In Chapter 9, we have seen that dislocations produce stress fields in the crystal that contains them. We have also seen that stresses produce Peach–Koehler forces on dislocations. Therefore, dislocations exert forces on each other through the stress fields they produce. In this chapter, we discuss dislocation–dislocation interactions, as well as the interaction between dislocations and other defects in the crystal, and the consequence of these interactions on the strength of bulk crystalline materials. We also consider the applications of these interactions to the mechanical properties of thin films.

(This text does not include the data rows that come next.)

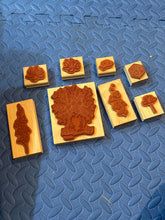 Load image into Gallery viewer, Stampin Up 8 floral stamps of various sizes-LIKE NEW!
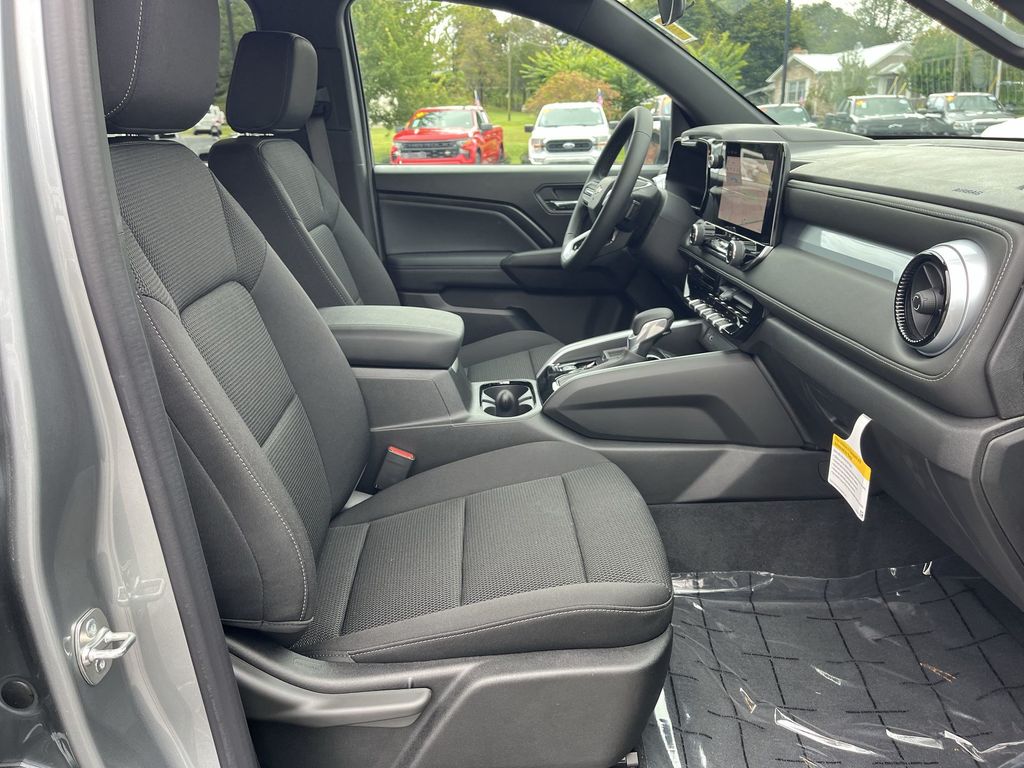 2024 Chevrolet Colorado LT photo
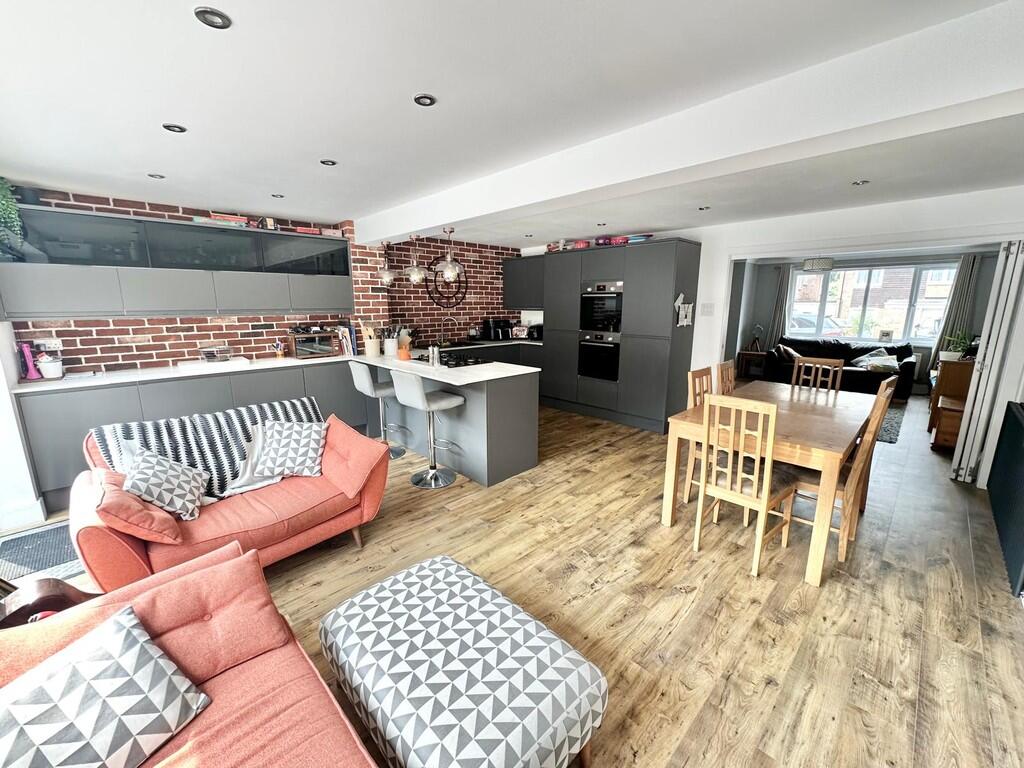 IMG-20250821-WA00...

In Section 10.1, we consider the interaction between two dislocations in an infinite medium, starting with two infinitely long parallel screw or edge dislocations. A few examples of the interaction between two non-parallel dislocation lines are also considered. In Section 10.2, we consider arrays formed by more than two dislocations of the same sign. When the dislocation interactions are attractive, the dislocation array corresponds to low angle grain boundaries. When the dislocation interactions are repulsive, the dislocation array is called a pile-up, because it can be found in front of an obstacle which blocks the dislocation motion.
In Section 10.3, we discuss two dislocation mechanisms which increase the strength of crystals. In the Taylor hardening mechanism, the strength is controlled by the interaction between dislocations themselves. In the Orowan bowing mechanism, the strength is associated with the presence of non-shearable particles, between which the gliding dislocation must bow for plastic deformation to occur. In Section 10.4, we consider several models in which the kinetics of dislocation motion, multiplication, and annihilation are used to explain the plastic deformation behavior of single crystals, such as the phenomena of yield point drop and sigmoidal creep.

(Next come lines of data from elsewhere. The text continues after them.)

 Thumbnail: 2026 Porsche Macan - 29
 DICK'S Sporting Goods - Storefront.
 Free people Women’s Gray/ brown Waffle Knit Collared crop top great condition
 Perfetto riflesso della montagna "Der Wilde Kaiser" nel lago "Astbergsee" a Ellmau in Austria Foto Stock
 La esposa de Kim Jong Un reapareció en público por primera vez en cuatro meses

The last two sections of this chapter deal with dislocations near interfaces. In Section 10.5, we discuss the conditions under which it becomes energetically favorable for dislocations to form at the interface between two materials to relieve the misfit strain. In Section 10.6, we discuss the stress and strain fields of dislocations near free surfaces and interfaces between twomaterials, and the forces exerted on these dislocations by the interfaces. For straight screw dislocations parallel to the interfaces, the effect of the interfaces can be modeled by sets of image dislocations in infinite, homogeneous elastic media.